Myanmar Devotion-1 Devotion inspires one of the purest sets of emotions, capturing love, loyalty and deep feelings of excitement that I do not think can ever be understood beyond our own personal experiences. In the world around us, so much devotion towards deities, lovers, children and nature, all linked to our desire to better understand. Myanmar Devotion-2 Devotion in its pure form is absolutely awe inspiring to witness. I may not share or understand the experience of the devotee, but often cannot help but feel some attachment with their act of devotion. Myanmar Devotion-3 To many, devotion is a scary word.  Devotion requires commitment, and the fear of commitment alone can send people running for the door. Contrarily, the only emotion equal to the feeling of devotion is the feeling of freedom.    Freedom to live, to pursue and to reach the potential hidden within, for this is what life’s about. This is the strange paradox between devotion and freedom. Myanmar Devotion-4 The integrity of people devoted to philanthropy has been inspirational since the dawn of time.  The world admires such people for the dignity and strength of their devotion. However, in today’s world with an overwhelming number of options with little time to spare, I wonder if such pure devotion is possible without restricting freedom? Myanmar Devotion-5 On the surface, devotion appears restrictive due to intense focus and drive, especially in what is now a sound-bite/tech based society where nanoseconds steal away cognate thought.  Is it possible to have true devotion and not have every fiber of your being focused on this nirvana?

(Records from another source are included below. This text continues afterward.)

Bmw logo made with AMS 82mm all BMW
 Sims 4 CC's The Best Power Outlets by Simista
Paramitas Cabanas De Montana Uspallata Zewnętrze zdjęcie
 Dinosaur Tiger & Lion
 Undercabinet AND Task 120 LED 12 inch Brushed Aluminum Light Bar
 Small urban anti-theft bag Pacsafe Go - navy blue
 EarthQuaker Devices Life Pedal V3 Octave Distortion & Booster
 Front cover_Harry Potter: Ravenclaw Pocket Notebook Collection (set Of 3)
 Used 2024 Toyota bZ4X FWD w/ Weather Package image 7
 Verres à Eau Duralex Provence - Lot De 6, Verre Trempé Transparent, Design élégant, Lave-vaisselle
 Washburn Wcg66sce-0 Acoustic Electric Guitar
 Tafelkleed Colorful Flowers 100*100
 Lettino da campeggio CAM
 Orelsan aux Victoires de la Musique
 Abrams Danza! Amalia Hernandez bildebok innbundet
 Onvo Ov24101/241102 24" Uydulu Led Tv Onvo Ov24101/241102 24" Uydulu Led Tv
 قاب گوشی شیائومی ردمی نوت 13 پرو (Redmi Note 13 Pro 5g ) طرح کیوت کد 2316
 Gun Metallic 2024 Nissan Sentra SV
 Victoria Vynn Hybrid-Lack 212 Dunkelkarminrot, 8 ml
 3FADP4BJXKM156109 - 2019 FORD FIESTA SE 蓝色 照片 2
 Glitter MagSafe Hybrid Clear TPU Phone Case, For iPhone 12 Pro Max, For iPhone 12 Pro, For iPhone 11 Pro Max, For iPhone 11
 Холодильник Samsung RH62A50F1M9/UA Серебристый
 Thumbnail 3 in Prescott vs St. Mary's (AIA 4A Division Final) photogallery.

“If this conviction had not been a strongly emotional one…they would hardly have been capable of that untiring
devotion which alone enables man to attain his greatest achievements.” ~ Albert Einstein

Myanmar Devotion-6 Perhaps the greatest window into the art of devotion comes from religions around the world, stunning in their emotional beauty.  We see people opening their hearts and soul, trusting in devotion. The beautiful fury of devotion. With the lesson that such beauty is tempered when priestly powers from above, and I mean those men who sit in rooms and pontificate, creating rules based on outdated policies with one goal: to control. Myanmar Devotion-7 It does not take an academic to recognize centuries of petty political ideologies sprung from ivory towers, exposing the self-righteous nature of man.  To control and manipulate devotion for purposes other than its pure source and nature is to extinguish the flame that made it so.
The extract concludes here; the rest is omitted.